§ WHAT IS REQUIRED
When you transcribe the listing, keep each line exact and drop the pictures.

§ MATERIAL PROVIDED

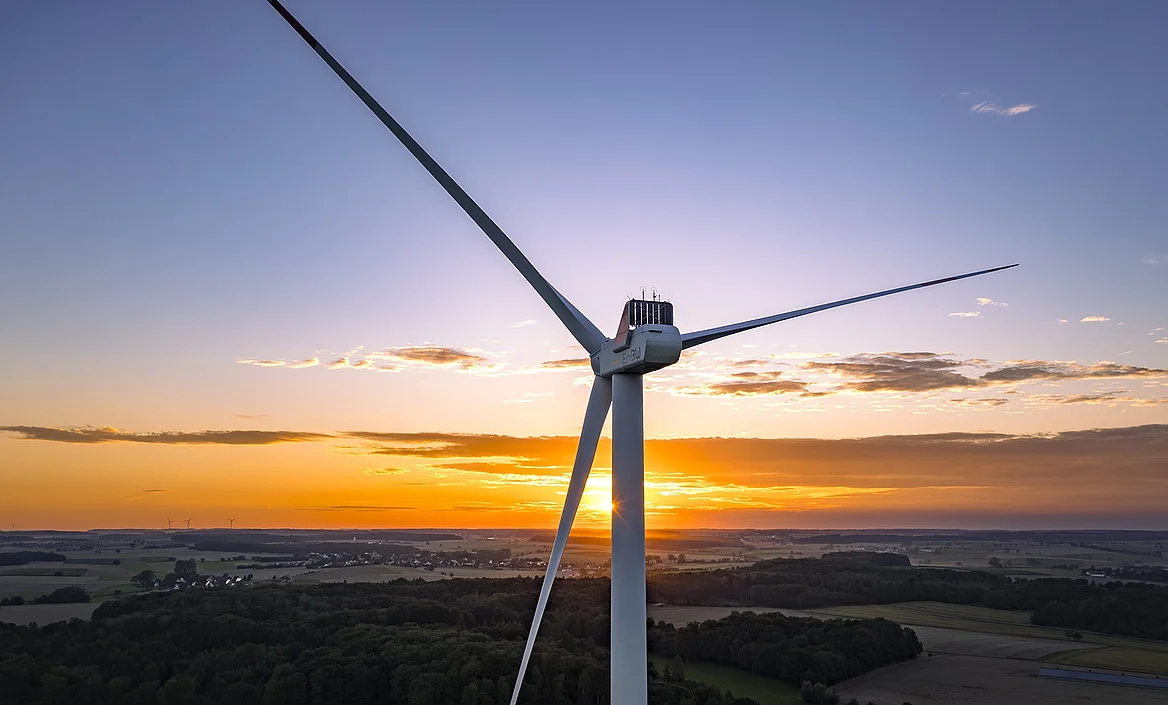 Ein fokussiertes Windrad mit drei Rotorblättern bei Sonnenuntergang. Im Hintergrund ist eine Landschaft zu sehen.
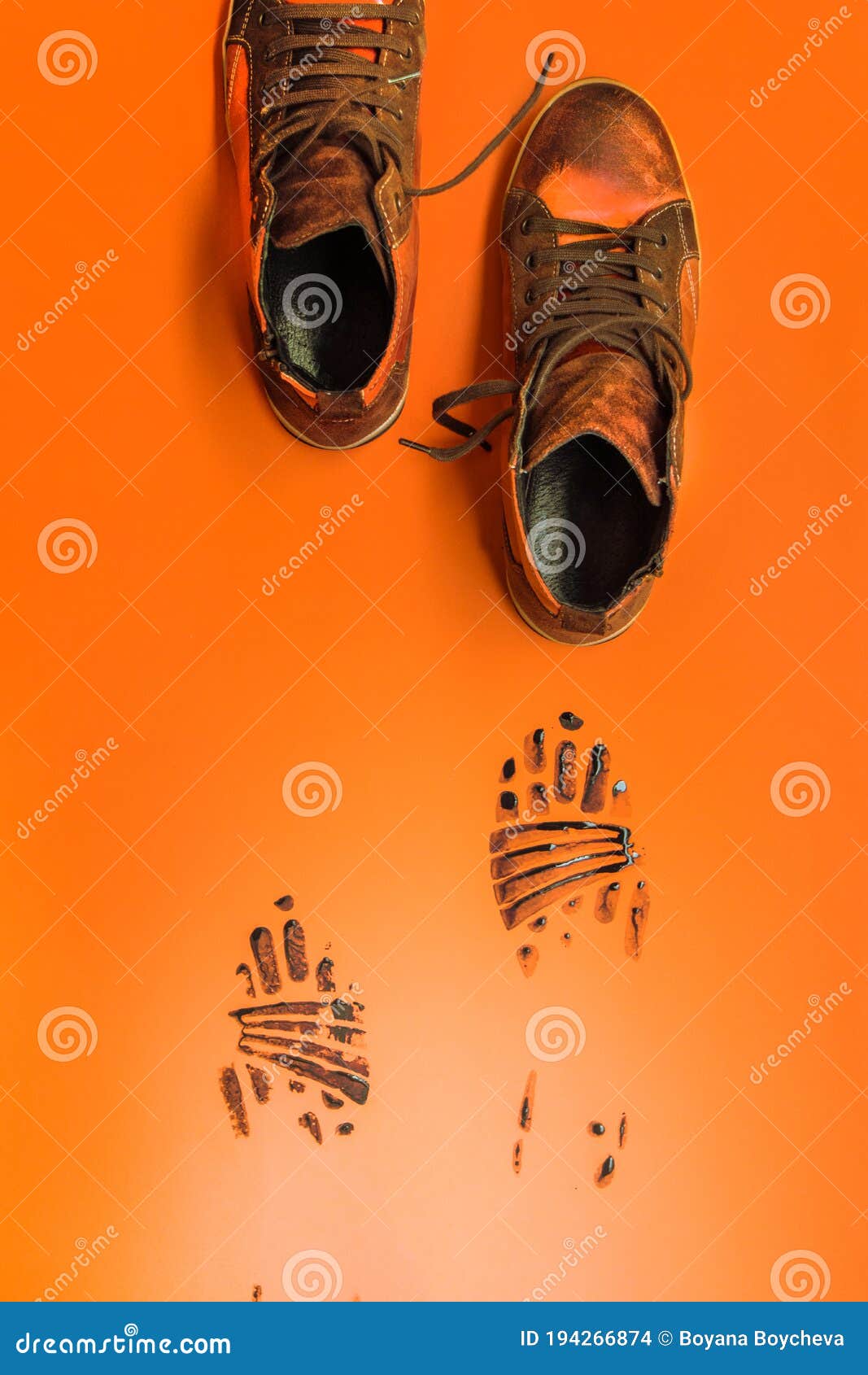 Shoes Leaving Black Marks on an Orange Background Stock Photo Image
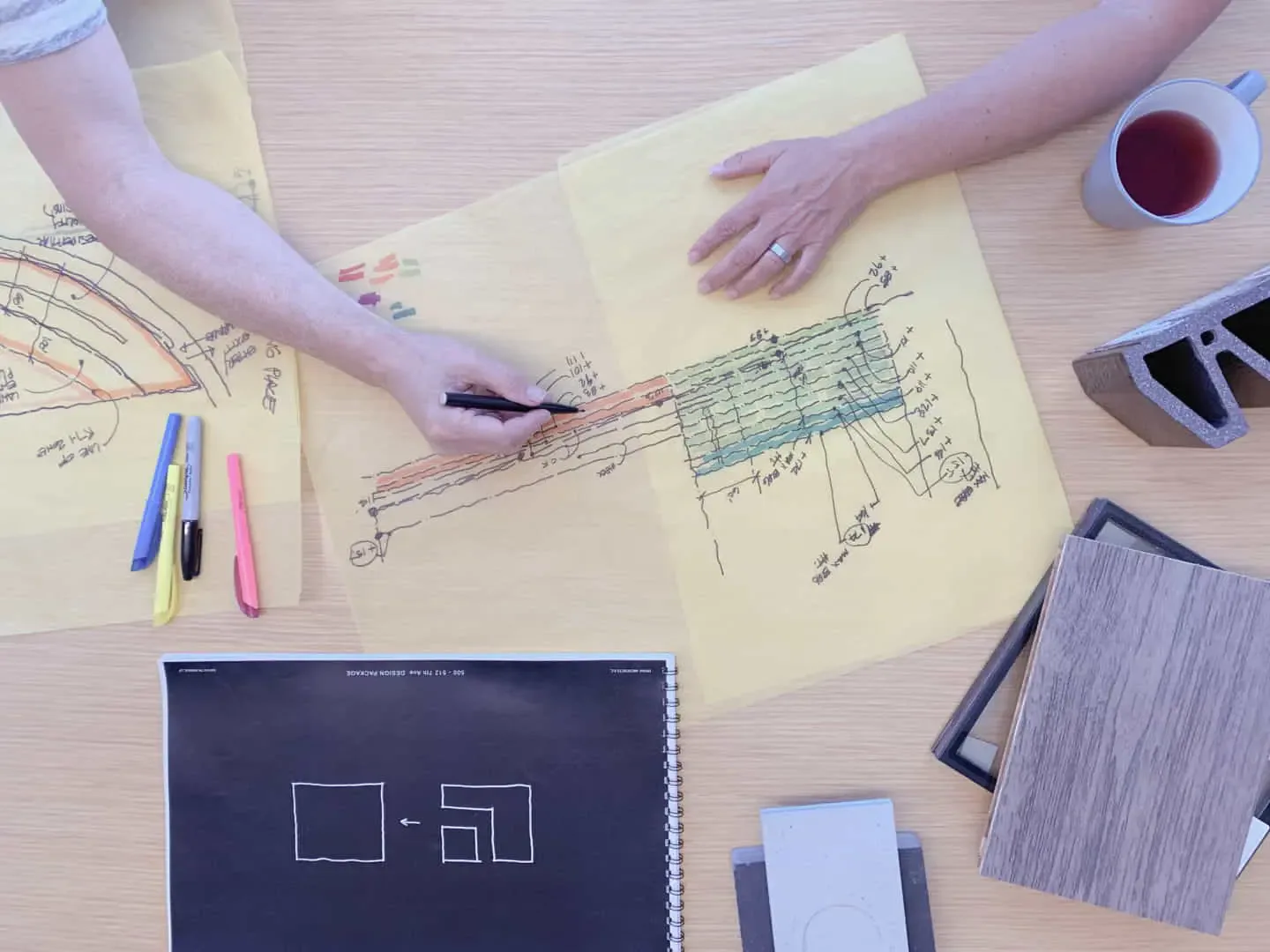 Designer's workspace with architectural sketches, material samples, and colored pencils on a wooden desk by Spivak Architects.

§ FINISHED TASK
 Ein fokussiertes Windrad mit drei Rotorblättern bei Sonnenuntergang. Im Hintergrund ist eine Landschaft zu sehen.
 Shoes Leaving Black Marks on an Orange Background Stock Photo Image
 Designer's workspace with architectural sketches, material samples, and colored pencils on a wooden desk by Spivak Architects.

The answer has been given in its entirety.